I will never forget the smell of cardamom and woodsmoke drifting out of a tandoor at dawn in Marrakech, the dough slapping the clay walls. Growing up in Mérida, the world east of the Atlantic was something I only knew from my grandmother’s tin of saved postcards. To stand in Kyoto ninety days later, having crossed every border myself, felt like finally walking inside one of those postcards.

Renata Escárcega Villalobos

Pastry chef and owner of a small bakery

Mérida, Mexico20°58′N 89°37′W

Andes to Antarctica
2019
“A crew member let me hold the chart for Paradise Harbour, and not one bay on it carried a Spanish name.”

On the deck approaching the Antarctic Peninsula the only sound was ice grinding along the hull, a deep groan I felt in my chest more than heard. I drew street grids for the Valle de México for forty years, certain I knew every shape a coastline could take. Reaching the bottom of the world taught a chilango that the city in my drawers is a very small, warm dot.

Gerardo Bouchot Rentería

Cartographer

Ciudad de México, Mexico19°26′N 99°08′W

The Pacific Arc
2022
“In a Fiordland inlet the rain fell so softly it seemed to rise from the water, and a fur seal watched me without fear.”

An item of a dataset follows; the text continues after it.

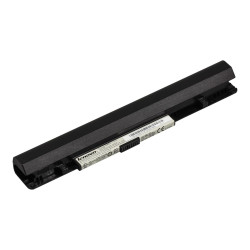24Wh Li-ion battery for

Off Rapa Nui I dove at dawn and a current carried me past a wall of trevally that wheeled all at once, like a single silver curtain pulled shut. I grew up in foggy, green Xalapa studying the Gulf coast from a borrowed boat. Crossing the entire Pacific to its far edge made me understand that the ocean I had measured my whole career was one single, unbroken room.

Dafne Quintanar Ucelo

Reef ecologist

Xalapa, Mexico19°32′N 96°55′W

The Silk Road Reborn
2024
“I taught Marco Polo for thirty years, then heard the call to prayer echo off the real walls of Bukhara.”

In a Khiva alley a coppersmith let me strike his hammer once against a tray, and the ring of it travelled the mud-brick lane like a struck bell. For decades I drew the Silk Road on a chalkboard in Saltillo, a city my students think of as the edge of nowhere. Tracing that route myself to Xi’an proved to them, and to me, that a norteño can stand at the other end of every map he has ever drawn.

Maximiliano Treviño Garza

High-school history teacher

Saltillo, Mexico25°25′N 101°00′W

Andes to Antarctica
2023
“On Deception Island I cupped black volcanic sand in one hand and a fistful of snow in the other.”

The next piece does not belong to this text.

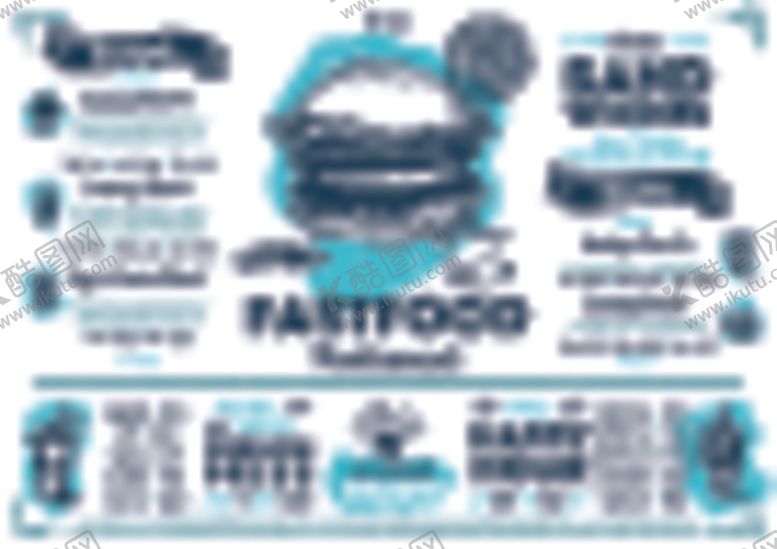 编号：23621110311900371550【酷图网】源文件下载-矢量画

I grew up watching mist roll over the coffee rows above Manizales, so I thought I knew thin mountain air. Then at Lake Titicaca the cold smelled of reeds and woodsmoke, and an Aymara woman poured me a tea the colour of my own harvest. Standing on the Antarctic Peninsula, a humpback breathing once in the bay, I understood my little green hill in Caldas was tied to the bottom of the world.

Mariana Restrepo Ocampo

Coffee farmer and third-generation finca owner

Manizales, Colombia5°04′N 75°31′W

The Great Rift
2022
“In a Lalibela church a deacon turned his beeswax candle so the wax would not gutter, and the wall lit gold.”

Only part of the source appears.